CaraComp
Log inTry Free
CaraComp
Forensic-Grade AI Face Recognition for:
Start Free Trial
digital-forensics

A Facial Recognition 'Match' Isn't Evidence Until It Survives These 4 Hidden Steps

A Facial Recognition 'Match' Isn't Evidence Until It Survives These 4 Hidden Steps

Here's a number that should stop you cold: a 50-percentage-point drop in accuracy can happen before the algorithm even gets a fair shot — simply because the inter-eye pixel distance in the probe image falls below 24 pixels. That's a resolution level you'll encounter constantly in real operational footage. The algorithm doesn't warn you. The confidence score doesn't flag it. The system just quietly becomes half as reliable as the benchmark chart promised, and the result lands on your screen looking exactly the same as it would if the image quality were perfect.

TL;DR

A facial comparison result is not a conclusion — it's a signal that needs to survive four distinct human and technical filters before it belongs anywhere near a report, a client, or a courtroom.

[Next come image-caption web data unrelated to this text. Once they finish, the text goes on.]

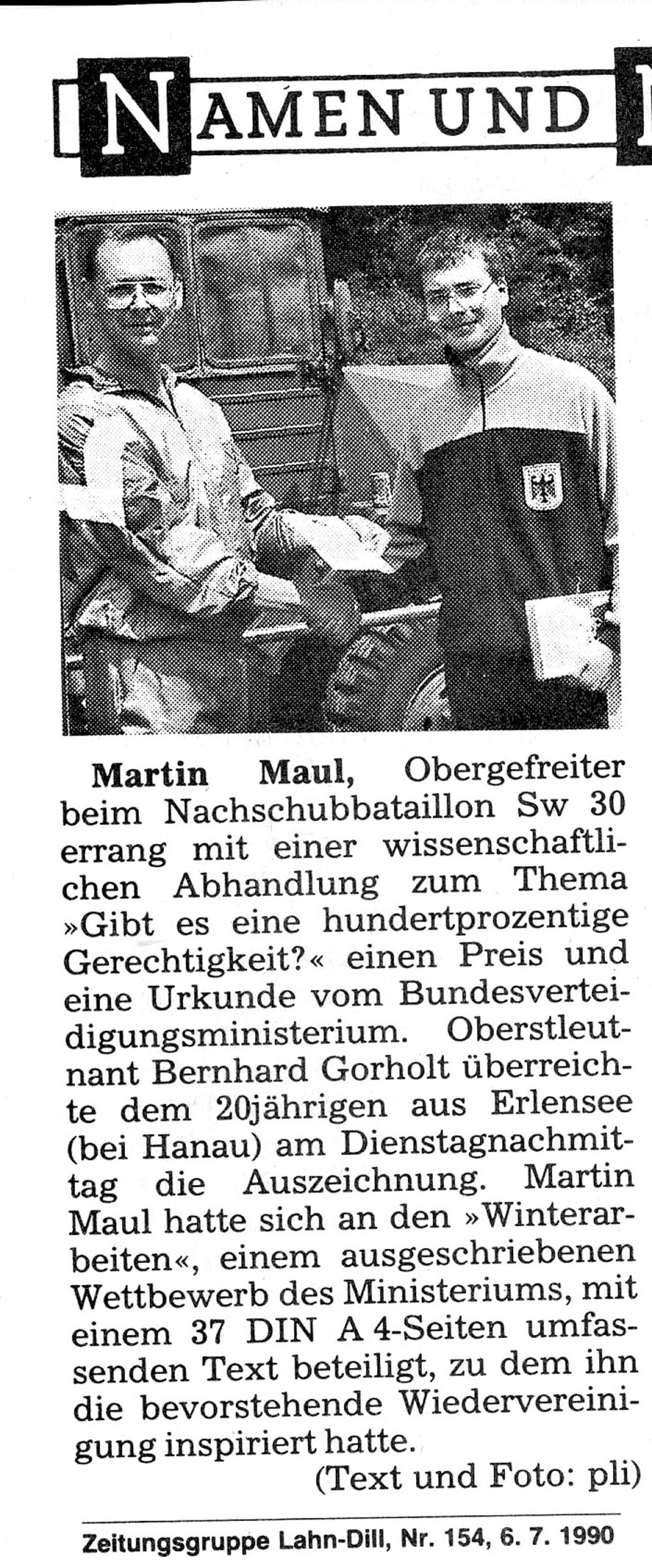 Zeitungsgruppe Lahn-Dill vom 6.7.1990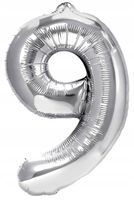 Balon Foliowy Na Urodziny Cyfra 9 Duży Srebrny 40cm Dekoracja Imprezowa XL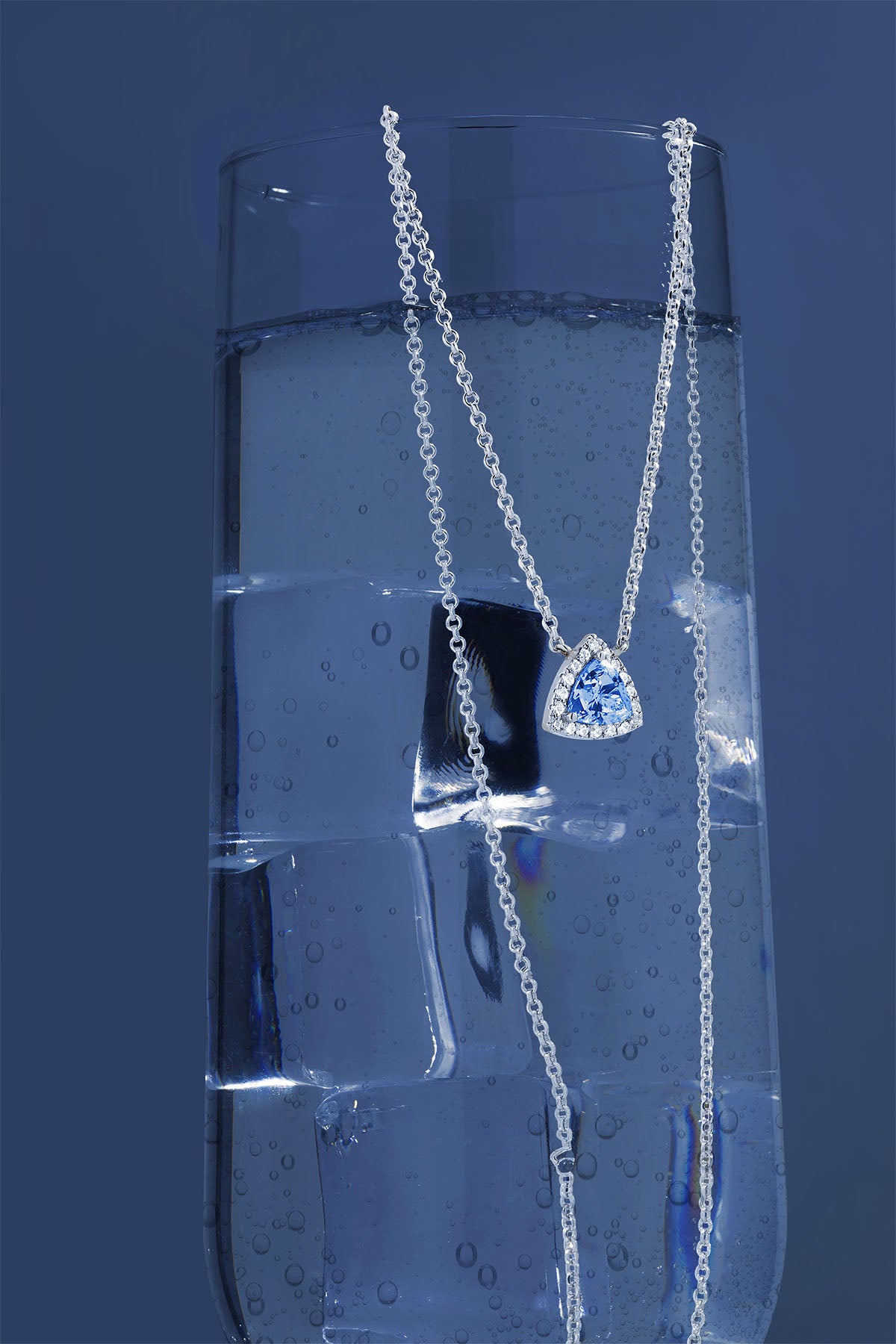 APM Monaco Blue Pave Triangle Adjustable Necklace in silver 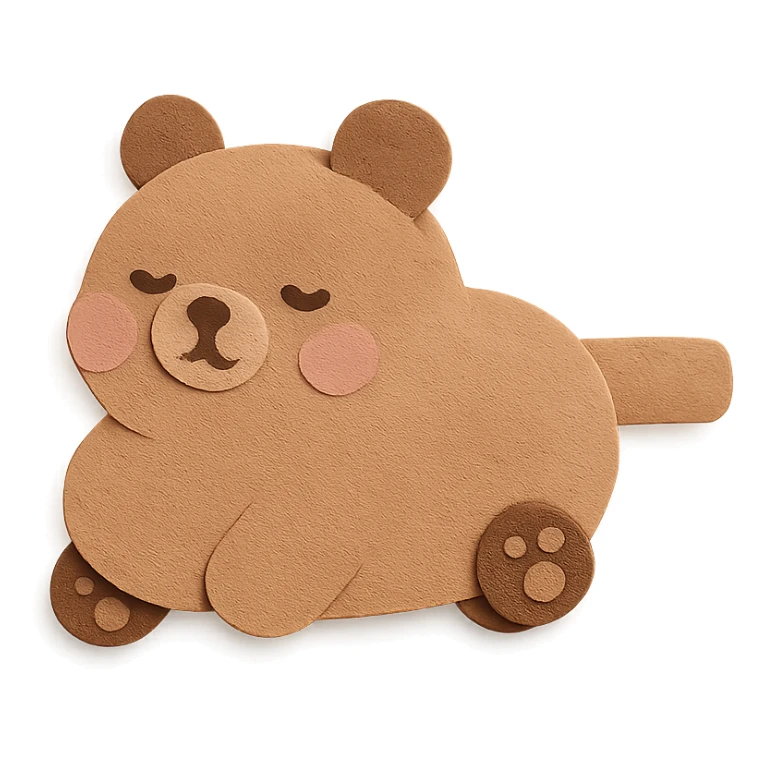 fluffy vacuum cleaner bear rolling adorably with tiny paw wheels, soft brown pastel, full-body sticker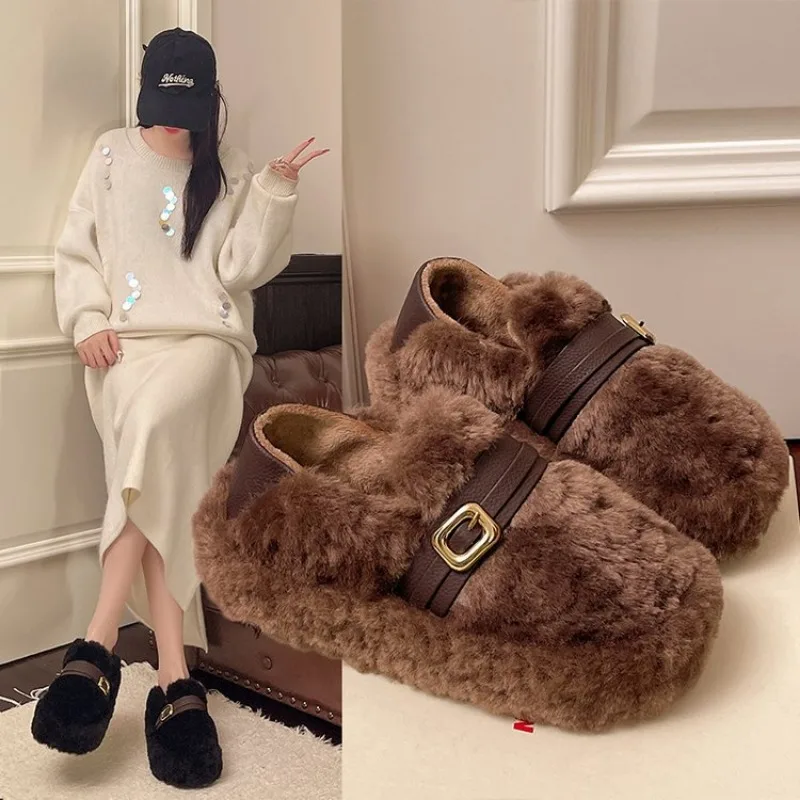 Lamb Wool Thick-Soled Home Cotton Drag Women Winter Lazy One-Pedal Doudou Shoes Korean Version Fashion Warm Cotton Shoes Women
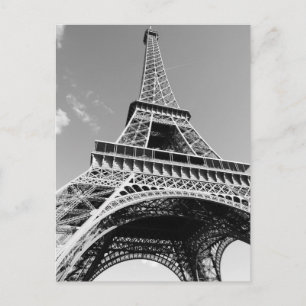 Black & White Eiffel Tower Paris France Postcard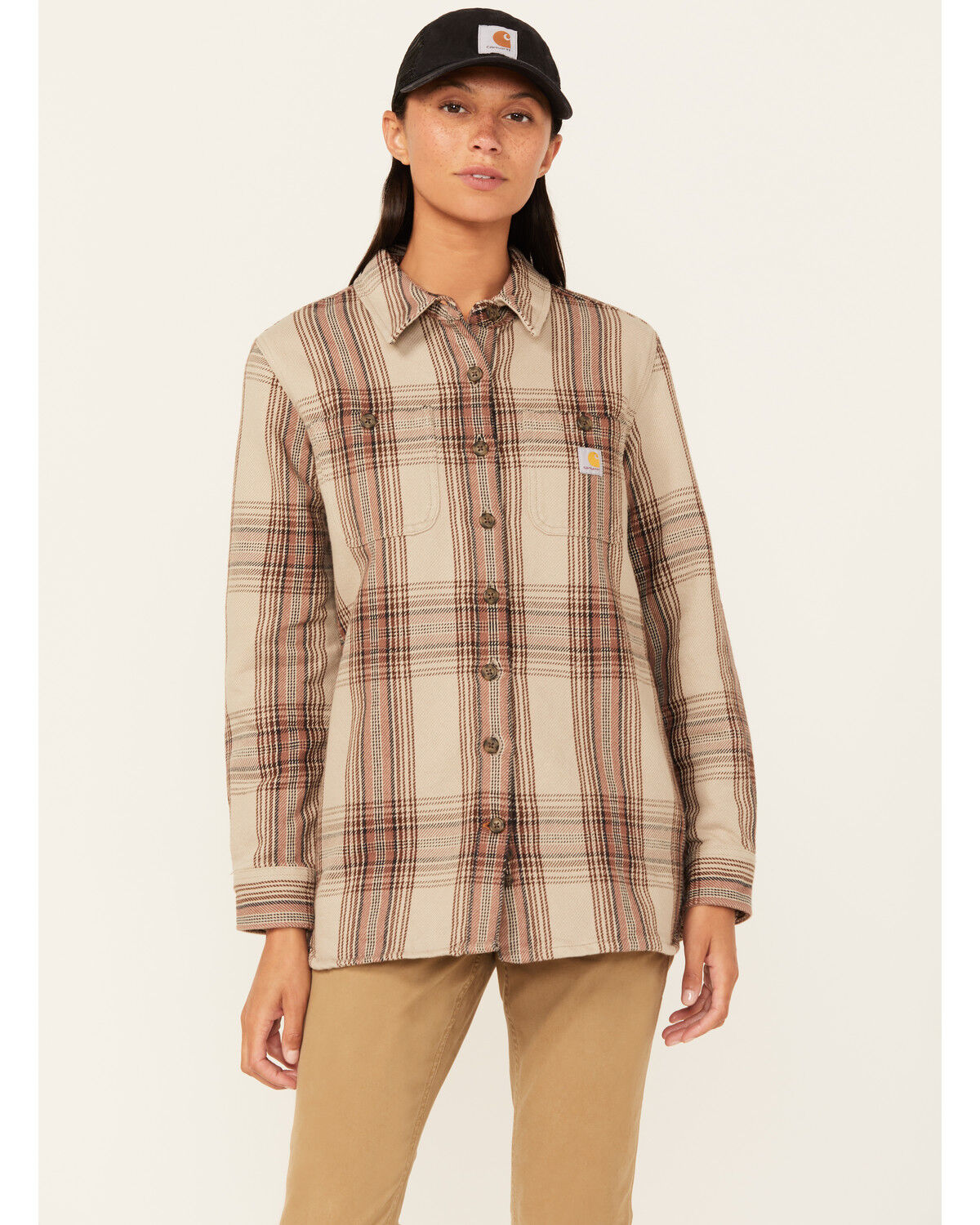 Image #1 - Carhartt Women's Loose Fit Twill Shacket, Rust Copper, hi-res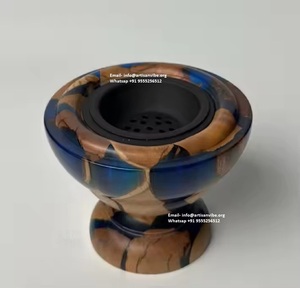 Brûleur d'encens en résine époxy de luxe pour le Ramadan avec plateau en bois, porte-bakhoor oud, décoration aromatique pour la maison, diffuseur islamique mubkhar - Product Image 6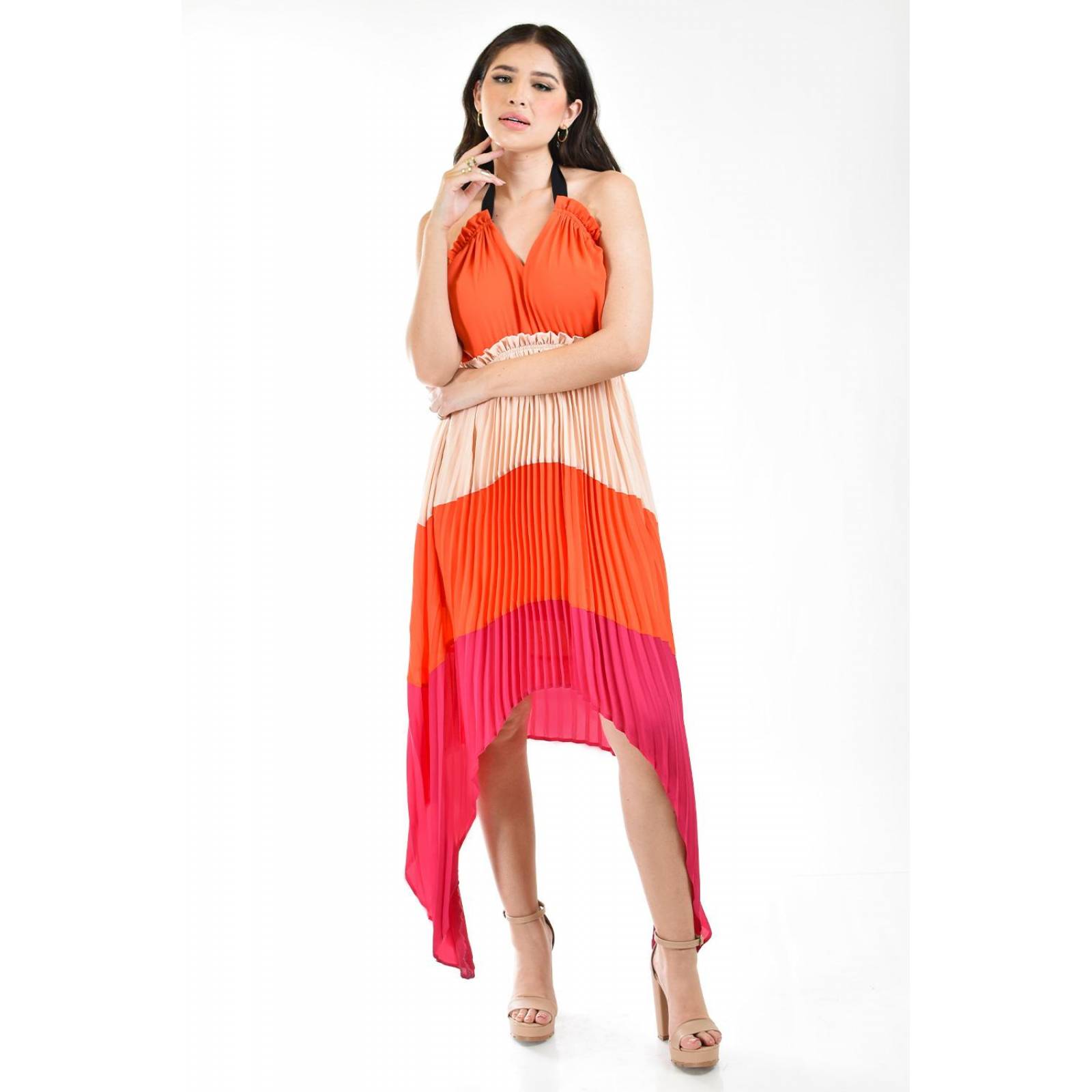Vestido asimetrico plisado Roman Fashion /Juvenil, 1731 (Naranja)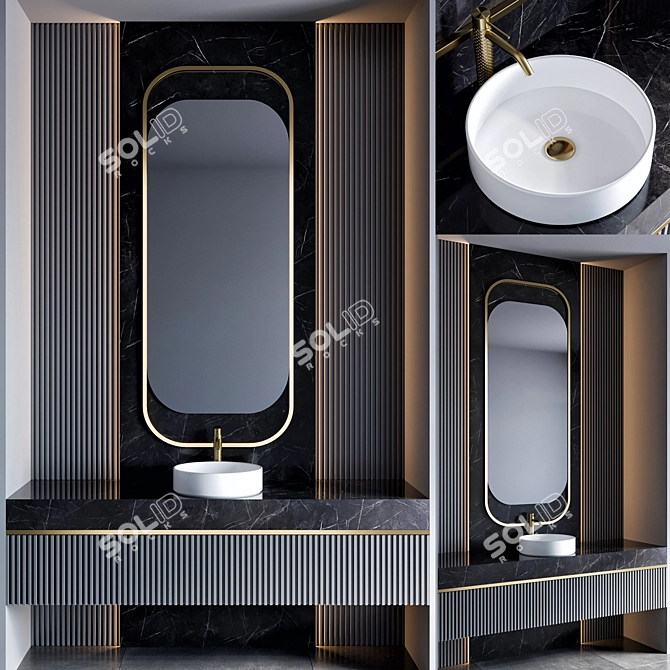 Elegant Gessi Bathroom Furniture 3D model image 1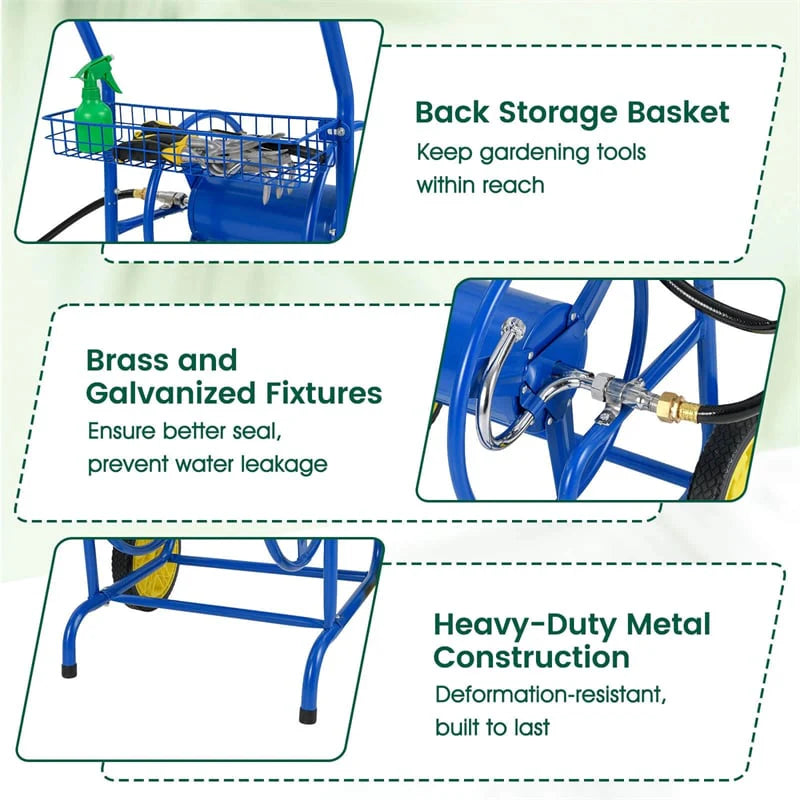 Garden Hose Reel Cart Holds 230FT of 5/8" Hose, Heavy Duty Hose Cart with 2 Wheels & Storage Basket, Portable Water Hose Organizer for Yard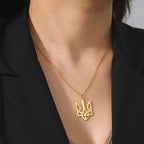 Tryzub Ukrainian Trident Necklace — Stainless Steel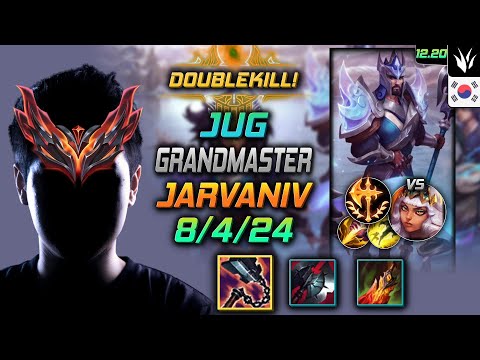 천상계 정글 자르반 4세 템트리 룬 선혈 정복자 - GrandMaster Jarvan IV Jungle vs Qiyana - 롤 KR 12.20
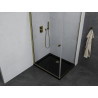 Mexen Pretoria 100 x 80 cm-es nyíló zuhanykabin, átlátszó, arany + Flat zuhanytálca, fekete - 852-100-080-50-00-4070G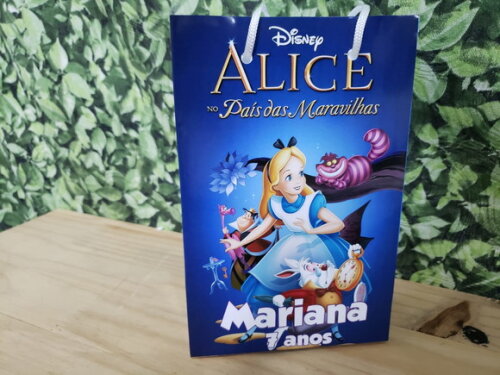 Alice no Pais das Maravilhas Sacola Personalizada Pronta Ent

This is the gap between what people think facial recognition does and what it actually does. Most people's mental model is: upload photo, algorithm compares, system says "match," case closed. That model is approximately as accurate as thinking your GPS knows where you are because it's connected to satellites — technically true, but missing about six layers of engineering that determine whether the thing is actually right.

In serious investigations, the algorithm's output is where the story starts, not where it ends. And understanding the four hidden steps between a raw similarity score and a result you can put your name on is, increasingly, the difference between rigorous professional practice and expensive mistakes.


Step One: The Quality Check That Has Nothing to Do with the Algorithm

Before any comparison algorithm runs, something more fundamental has to happen: the input image has to be assessed on its own terms. Not "is this face similar to that face?" but "is this image even workable?"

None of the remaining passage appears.